Short descriptive text snippets
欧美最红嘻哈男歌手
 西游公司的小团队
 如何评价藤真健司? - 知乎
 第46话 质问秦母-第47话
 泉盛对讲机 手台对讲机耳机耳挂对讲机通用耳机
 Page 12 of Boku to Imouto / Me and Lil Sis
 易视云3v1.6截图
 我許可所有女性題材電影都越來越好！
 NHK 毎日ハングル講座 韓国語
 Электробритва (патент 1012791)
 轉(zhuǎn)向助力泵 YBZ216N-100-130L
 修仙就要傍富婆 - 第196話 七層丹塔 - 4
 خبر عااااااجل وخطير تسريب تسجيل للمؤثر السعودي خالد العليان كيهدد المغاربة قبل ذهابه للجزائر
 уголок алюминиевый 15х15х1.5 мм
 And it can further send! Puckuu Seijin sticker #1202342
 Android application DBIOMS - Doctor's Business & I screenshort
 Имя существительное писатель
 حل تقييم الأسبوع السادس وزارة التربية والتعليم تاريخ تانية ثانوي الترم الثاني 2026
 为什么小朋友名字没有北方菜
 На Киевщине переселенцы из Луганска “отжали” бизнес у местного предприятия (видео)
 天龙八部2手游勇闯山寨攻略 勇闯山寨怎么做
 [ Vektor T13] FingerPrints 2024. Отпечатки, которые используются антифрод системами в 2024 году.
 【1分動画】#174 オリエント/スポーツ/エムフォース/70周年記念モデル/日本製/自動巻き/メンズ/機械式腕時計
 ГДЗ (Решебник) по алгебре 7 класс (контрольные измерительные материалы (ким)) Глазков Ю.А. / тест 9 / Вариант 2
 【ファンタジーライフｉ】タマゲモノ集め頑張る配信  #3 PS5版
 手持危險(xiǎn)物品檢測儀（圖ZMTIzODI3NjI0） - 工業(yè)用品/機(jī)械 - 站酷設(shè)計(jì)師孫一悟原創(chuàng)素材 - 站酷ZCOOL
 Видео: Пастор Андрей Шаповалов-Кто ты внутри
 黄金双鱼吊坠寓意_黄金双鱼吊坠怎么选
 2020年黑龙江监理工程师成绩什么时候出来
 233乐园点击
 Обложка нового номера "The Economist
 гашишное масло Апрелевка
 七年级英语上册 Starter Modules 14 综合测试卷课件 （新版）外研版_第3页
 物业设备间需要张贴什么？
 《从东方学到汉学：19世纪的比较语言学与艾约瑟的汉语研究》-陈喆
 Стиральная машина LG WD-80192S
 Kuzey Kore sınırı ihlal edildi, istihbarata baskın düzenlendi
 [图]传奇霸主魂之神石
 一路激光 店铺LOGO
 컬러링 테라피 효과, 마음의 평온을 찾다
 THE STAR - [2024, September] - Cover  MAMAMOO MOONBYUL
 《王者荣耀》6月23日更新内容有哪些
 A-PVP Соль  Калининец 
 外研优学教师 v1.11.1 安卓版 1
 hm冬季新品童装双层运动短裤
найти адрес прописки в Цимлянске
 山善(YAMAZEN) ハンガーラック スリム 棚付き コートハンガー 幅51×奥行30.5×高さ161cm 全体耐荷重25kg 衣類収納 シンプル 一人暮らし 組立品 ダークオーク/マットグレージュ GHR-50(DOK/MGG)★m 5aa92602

About this exercise
The required output is the exact run of lines from the one with "Kuzey Kore sınırı" through the final line of the entries.

Final answer
 Kuzey Kore sınırı ihlal edildi, istihbarata baskın düzenlendi
 [图]传奇霸主魂之神石
 一路激光 店铺LOGO
 컬러링 테라피 효과, 마음의 평온을 찾다
 THE STAR - [2024, September] - Cover  MAMAMOO MOONBYUL
 《王者荣耀》6月23日更新内容有哪些
 A-PVP Соль  Калининец 
 外研优学教师 v1.11.1 安卓版 1
 hm冬季新品童装双层运动短裤
найти адрес прописки в Цимлянске
 山善(YAMAZEN) ハンガーラック スリム 棚付き コートハンガー 幅51×奥行30.5×高さ161cm 全体耐荷重25kg 衣類収納 シンプル 一人暮らし 組立品 ダークオーク/マットグレージュ GHR-50(DOK/MGG)★m 5aa92602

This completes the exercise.